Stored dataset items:
- - -

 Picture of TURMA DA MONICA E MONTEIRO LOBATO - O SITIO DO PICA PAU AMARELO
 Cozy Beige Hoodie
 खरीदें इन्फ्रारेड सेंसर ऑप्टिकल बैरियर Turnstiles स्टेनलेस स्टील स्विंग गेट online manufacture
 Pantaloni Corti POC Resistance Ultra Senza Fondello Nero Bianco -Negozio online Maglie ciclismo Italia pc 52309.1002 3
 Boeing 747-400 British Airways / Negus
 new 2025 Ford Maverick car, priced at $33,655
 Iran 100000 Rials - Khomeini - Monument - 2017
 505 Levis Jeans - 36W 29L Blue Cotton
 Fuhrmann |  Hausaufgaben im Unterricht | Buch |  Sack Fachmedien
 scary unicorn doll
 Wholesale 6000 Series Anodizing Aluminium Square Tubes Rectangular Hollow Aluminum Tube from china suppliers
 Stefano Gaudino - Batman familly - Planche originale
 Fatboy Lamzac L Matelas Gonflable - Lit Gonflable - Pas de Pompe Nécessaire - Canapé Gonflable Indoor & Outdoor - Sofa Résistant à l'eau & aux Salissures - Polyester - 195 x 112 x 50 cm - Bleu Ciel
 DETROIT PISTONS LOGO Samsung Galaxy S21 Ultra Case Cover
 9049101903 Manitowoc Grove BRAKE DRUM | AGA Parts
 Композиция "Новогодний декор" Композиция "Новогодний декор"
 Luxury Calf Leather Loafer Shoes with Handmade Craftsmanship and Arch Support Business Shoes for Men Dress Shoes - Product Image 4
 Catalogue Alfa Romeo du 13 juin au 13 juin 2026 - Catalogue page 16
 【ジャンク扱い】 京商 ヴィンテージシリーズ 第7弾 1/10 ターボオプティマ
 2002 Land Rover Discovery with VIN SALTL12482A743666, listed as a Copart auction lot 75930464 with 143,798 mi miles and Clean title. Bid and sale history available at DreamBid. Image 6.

- - -

◆ What you will do ◆
Print the lines above from the one with "Pantaloni Corti POC" through the one with "第7弾 1/10 ターボオプティマ", both included, exactly as written and nothing more.

◆ Exercise solution ◆
 Pantaloni Corti POC Resistance Ultra Senza Fondello Nero Bianco -Negozio online Maglie ciclismo Italia pc 52309.1002 3
 Boeing 747-400 British Airways / Negus
 new 2025 Ford Maverick car, priced at $33,655
 Iran 100000 Rials - Khomeini - Monument - 2017
 505 Levis Jeans - 36W 29L Blue Cotton
 Fuhrmann |  Hausaufgaben im Unterricht | Buch |  Sack Fachmedien
 scary unicorn doll
 Wholesale 6000 Series Anodizing Aluminium Square Tubes Rectangular Hollow Aluminum Tube from china suppliers
 Stefano Gaudino - Batman familly - Planche originale
 Fatboy Lamzac L Matelas Gonflable - Lit Gonflable - Pas de Pompe Nécessaire - Canapé Gonflable Indoor & Outdoor - Sofa Résistant à l'eau & aux Salissures - Polyester - 195 x 112 x 50 cm - Bleu Ciel
 DETROIT PISTONS LOGO Samsung Galaxy S21 Ultra Case Cover
 9049101903 Manitowoc Grove BRAKE DRUM | AGA Parts
 Композиция "Новогодний декор" Композиция "Новогодний декор"
 Luxury Calf Leather Loafer Shoes with Handmade Craftsmanship and Arch Support Business Shoes for Men Dress Shoes - Product Image 4
 Catalogue Alfa Romeo du 13 juin au 13 juin 2026 - Catalogue page 16
 【ジャンク扱い】 京商 ヴィンテージシリーズ 第7弾 1/10 ターボオプティマ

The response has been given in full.